If you are looking for a good aftermarket GPU cooler, I recommend the ARCTIC Accelero Xtreme IV Graphics Card Cooler. You can view it on Amazon over here.
Now it’s time to perform a few load tests
Doing some load tests will put the GPU under stress while you check that the graphical output to your monitor is stable and without any artifacts.
Next, proceed to download MSI Afterburner and set it up with a fan curve using our article on speeding up your graphics card fans. This step is extremely important, as there are times where your GPU fan(s) won’t spin up as it should if you run a stress test with everything set up out of the box.
Download and run the Furmark GPU Stress Test tool. This is a very intensive test and you will be happy that you inspected your hardware first, avoiding any drastic overheating issues.
To conduct a stress test with Furmark, click on the ‘GPU Stress Test’ button, then press the ‘Go’ button in the second window that pops up.
You should hear your fan(s) on your GPU cooler increase speed while the load test enters its first few seconds of the test. This means that your GPU cooling fan is responding to the increase in temperature from your GPU itself, because of the heavy workload.
If your test is successful, we can move on to checking the temperature of the GPU when it’s working hard. This will quickly tell you if your GPU cooling is sufficient or not.
Combine the stress test with a temperature test
Making sure that the GPU is running at the desired temperature range is of utmost importance when it comes to a GPU being able to work properly.
If you press the GPU-Z and GPU Shark buttons, some extra panels will open alongside Furmark with more information about your GPU. You will see the temperature of your GPU amongst the information.
If your overall GPU temperature exceeds the recommended maximum at any time, you will need to either replace the GPU cooler or find out what is wrong with the existing cooler and if it’s capable enough to keep your GPU cool after you have done everything you can.
If you are replacing your GPU cooler, don’t run the graphics card until it’s replaced. This will help avoid any further damage to the GPU.
Once you have an artifact free load test, combined with a healthy temperature range, you are then able to test the GPU for a longer period.

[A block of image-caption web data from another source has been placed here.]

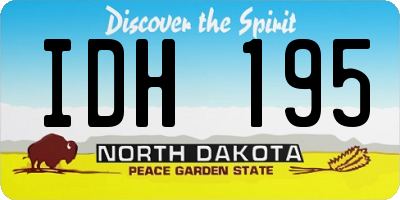 ND license plate IDH195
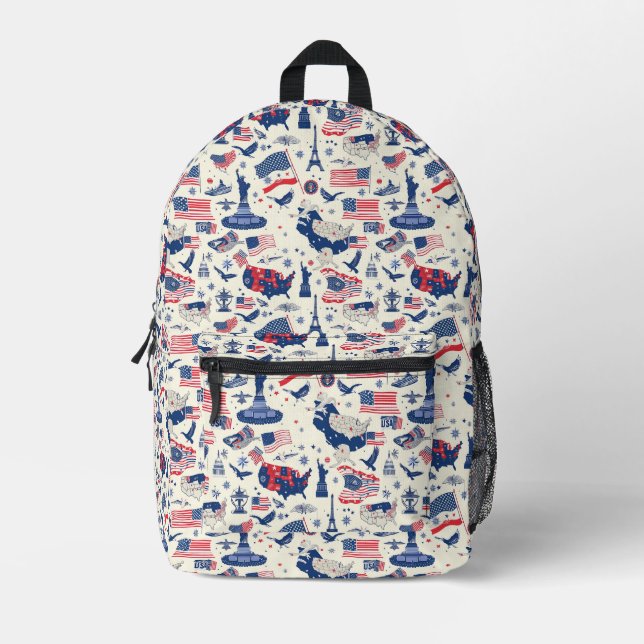Patriotic Icons - Statue of Liberty, Flag (2) Printed Backpack (Front)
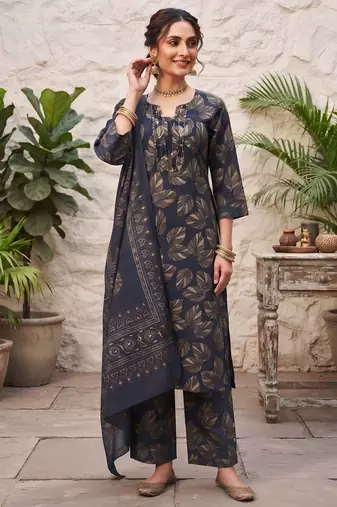 Blue floral printed cotton kurta set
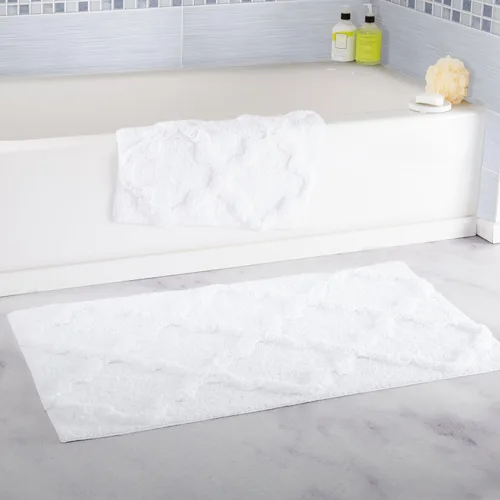 Miniatura 12 de Set de alfombrillas de baño enrejadas de Lavish Home, 2 piezas. Hueso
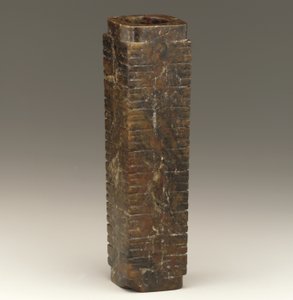Tall tube (cong) Lake Tai region, Liangzhu culture, 3300-2250 BC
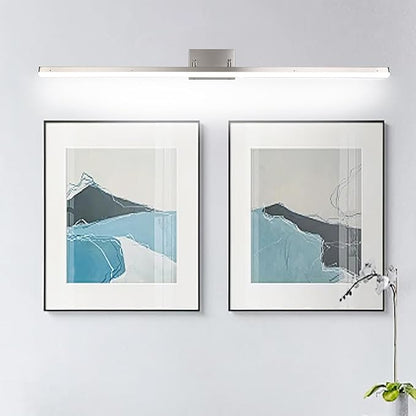48in Modern LED Brushed Nickel Vanity Light Bar, Adjustable Bathroom Light Fixtures Over Mirror, Dimmable 46W 3200LM 5000K Cool White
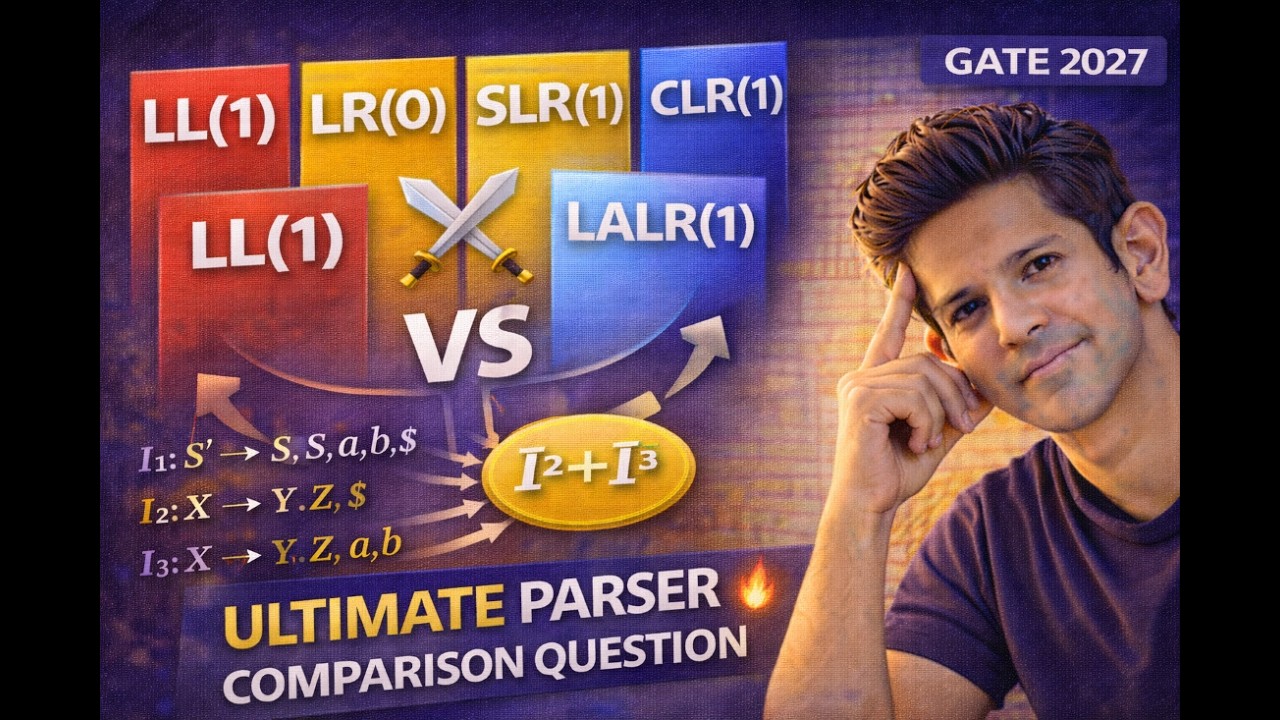 One Question on LL(1), LR(0), SLR(1), CLR(1) & LALR(1) | Compiler Design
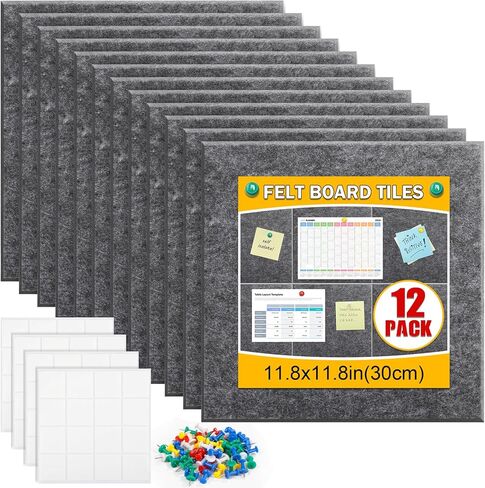 12 قطعة بديلة من ألواح الفلين، 11.8 بوصة × 11.8 بوصة، بلاط حائط قابل لإعادة الاستخدام مع 70 دبوسًا، 64 مادة لاصقة آمنة وقابلة للإزالة، لوحات إعلانات للجدران، المكتب، الفصول الدراسية، غرفة المعيشة، لوحة رمي السهام باللون الأبيض in Kuwait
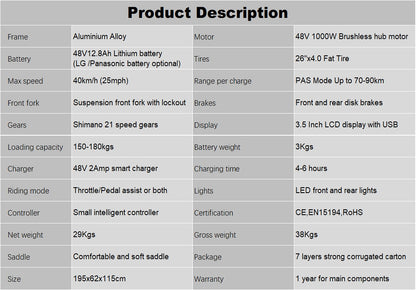 e-Bike 1000W Electric bicycle with fat tires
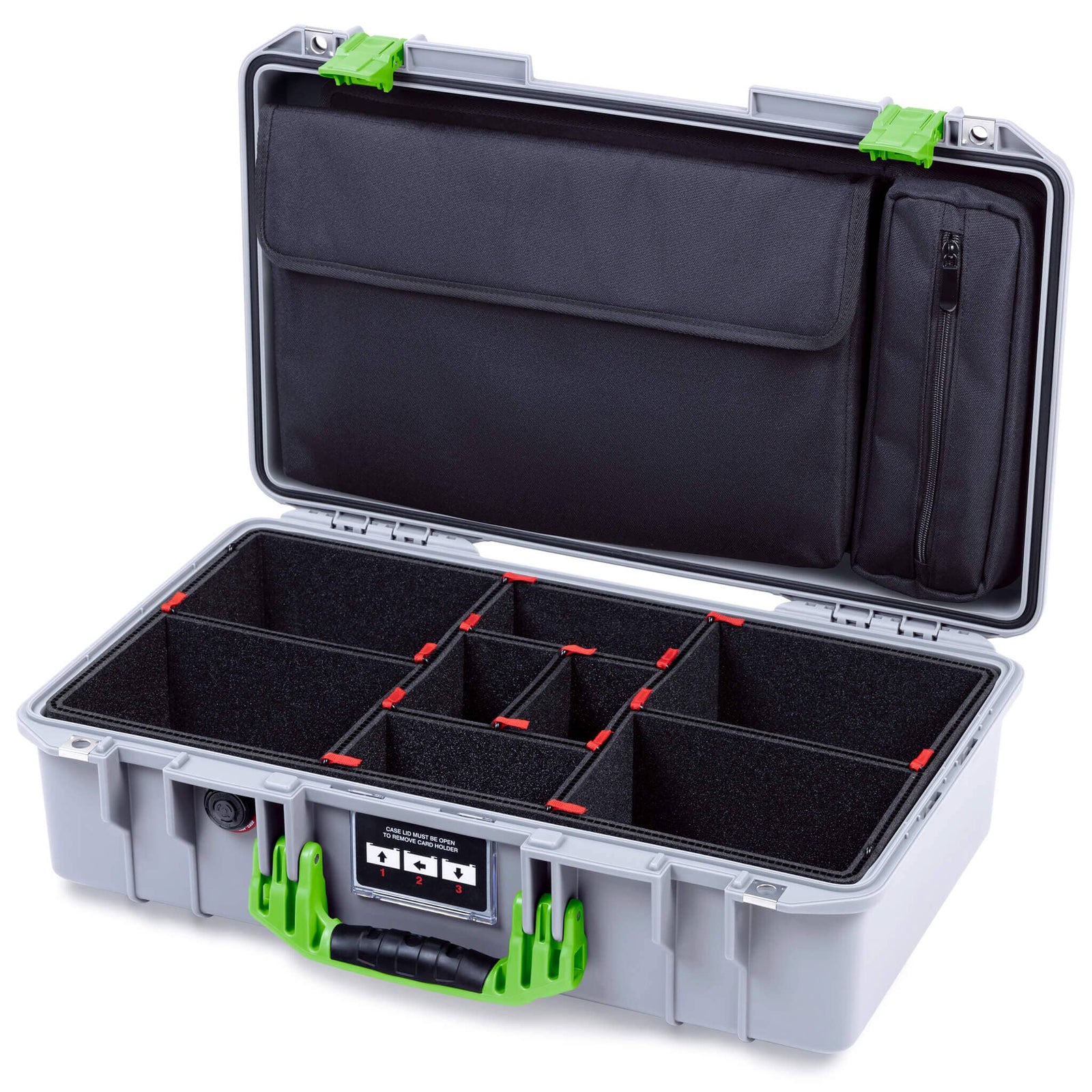 Pelican 1525 Air Case, Silver with Lime Green Handle & Latches TrekPak Divider Sytem with Laptop Computer Pouch ColorCase 015250-0220-180-301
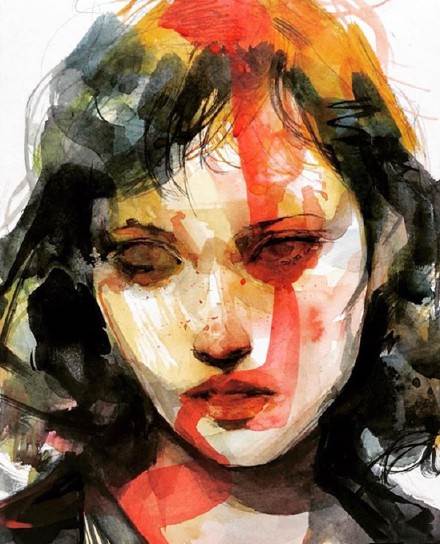 表现人物内心孤独的水彩画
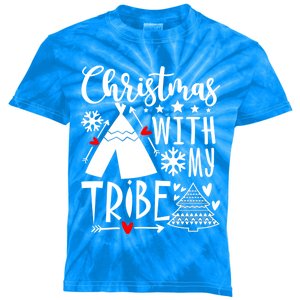 Christmas With My Tribe Red Plaid Family Matching Outfit Gift Kids Tie-Dye T-Shirt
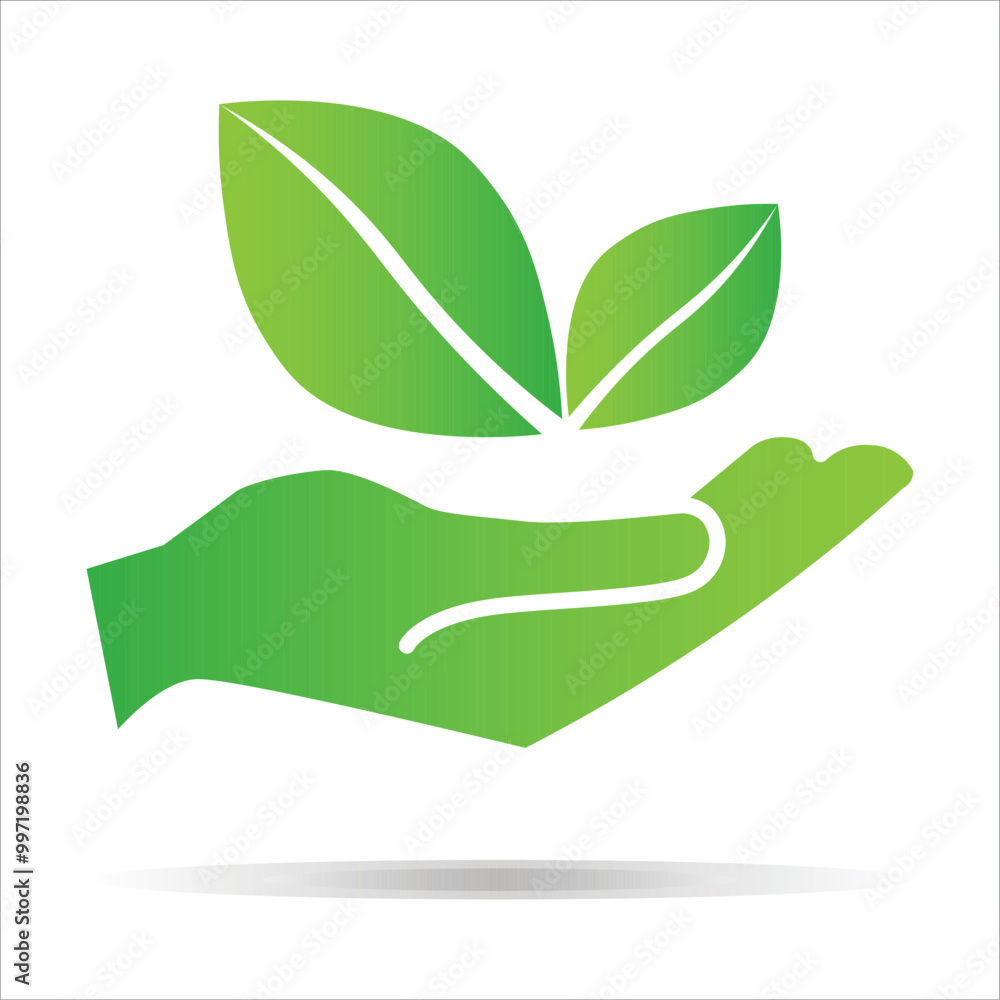 Green leaves in hand, bio icon symbol. Hand with eco green leaf icon Bio nature symbol for web, print. Green energy concept. Element of nature protection icon. Care eco bio. Environmental concept.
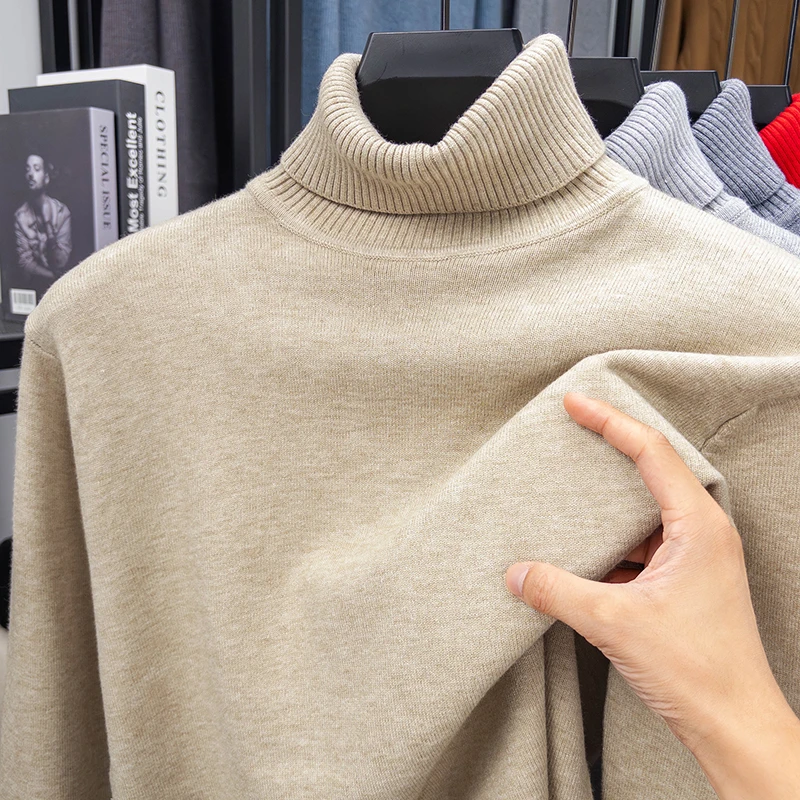 Autumn Mens High Quality Knitt - Turtleneck Sweater Men recension och pris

Run some GPU performance tests or play some games for a few hours
If you have made it this far, things are looking promising. All that needs to be done now, are some longer tests to make sure that the GPU’s stability can be sustained after being used for a few hours.
If you don’t have a favorite game you love playing on hand, download the free version of Benchmark Heaven.
Keep running it for a minimum of about 2 hours. Keep an eye out for any anomalies or artifacts that could indicate a faulty GPU.
Examples of artifacts would be weird colors breaking up in some frames while the testing is being carried out. Also look out for massive frame drops which could indicate a cooling problem.
If you encounter any strange images within the test, it might mean that there is something defective with the video card.
Another possibility, is a faulty or old power supply. Because the graphics card uses more power when it’s under load, the extra consuption of power from the power supply puts extra load on the power supply, thus resulting in a possible fault.
If you have another graphics card, or another power supply, you could swap either one of them out and rerun some tests to see if the fault clears.
While a stress test with a temperature test can can give you an indication about whether or not a GPU is working properly, it is only a surface level test.
Performing longer tests is of equal importance. If you don’t know the history of the graphics card, absolutely anything could have been inflicted that it had to endure to damage it in a way that cannot be obvious at first glance.
Adding an aftermarket cooler to an older card is not a bad idea at all. It will not only improve the cooling of the GPU, but it will also ensure that it won’t overheat and cause damage.
Testing is your friend and always take your time when trying to establish the condition of a GPU.